Deep learning for fault diagnosis based on multi-sourced heterogeneous data

As a representative of deep learning, Boltzmann machine is being widely studied to solve some complex problems. The model of deep Boltzmann machine has been successfully applied to unsupervised learning for single modality (e.g., text, images, video or audio). In this work, we focus on the model for multiple input modalities and apply it to fault diagnosis. At present, most work on fault diagnosis uses structured data and accuracy needs improving. For images, most work stays on the stage of manual analyses and has low level of intelligence. Moreover, the sources of data are multiple and its architecture should be scalable since data comes from many platforms and the type of platforms will keep increasing. In this case, existing approaches cannot solve the above problems. Hence comprehensive analysis of images and structured data using deep learning is proposed.
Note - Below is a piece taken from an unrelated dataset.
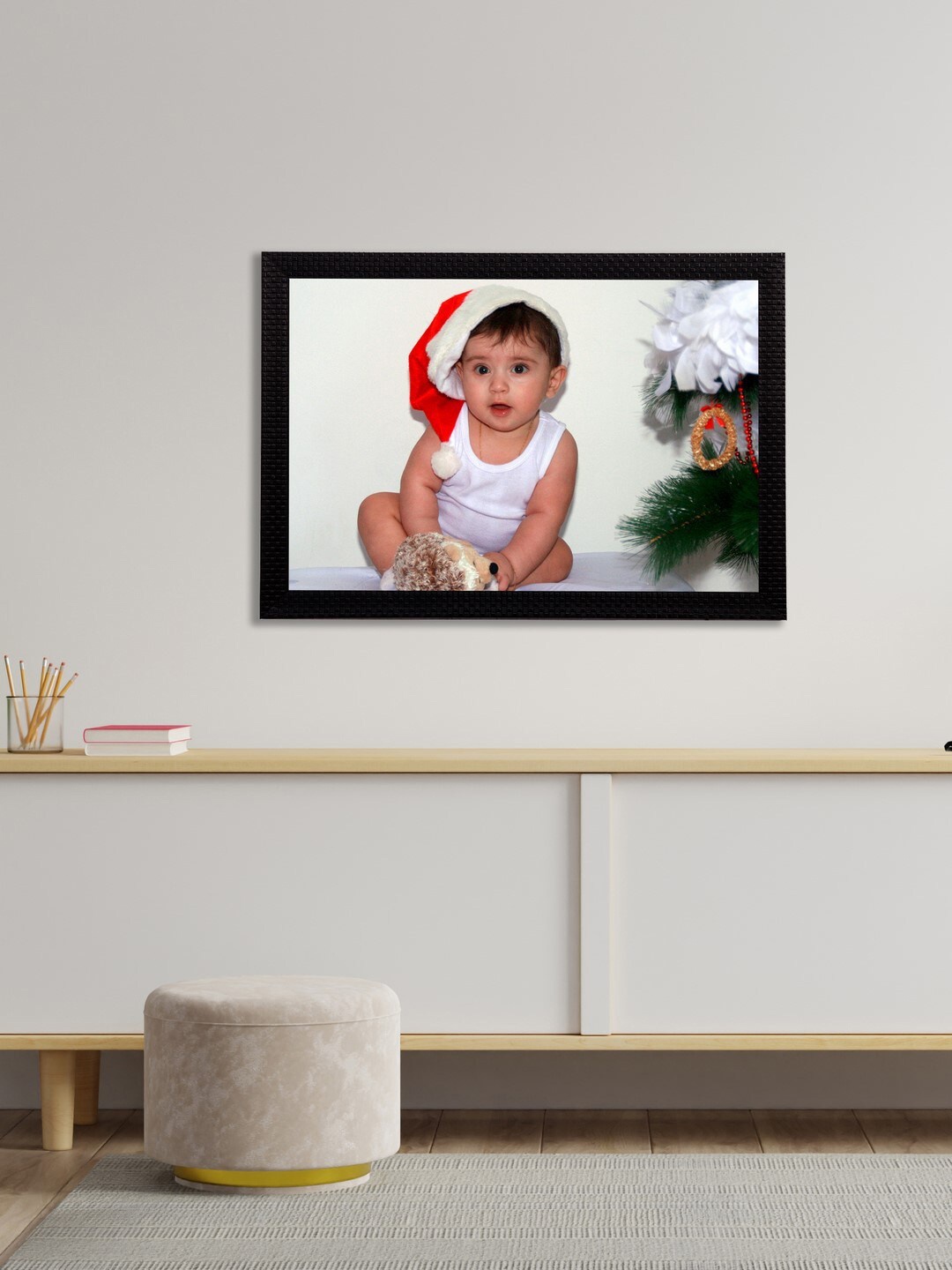eCraftIndia Black & White Cute Baby Satin Matt Texture Portrait UV Wall Art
Its goal is to extract a unified representation for both images and structured data with massive attributes. In the phase of feature learning, deep restricted Boltzmann machine auto-encoder is used. Through unsupervised learning, more abstract features are extracted and some useless information is removed, which can achieve layered and precise representation. In the phase of supervised training, linear classifier is employed. Extensive experiments on power transformers and circuit breakers show that the proposed model with two modalities based on deep learning theory has higher accuracy than the previous approaches with supervised learning or just one modality.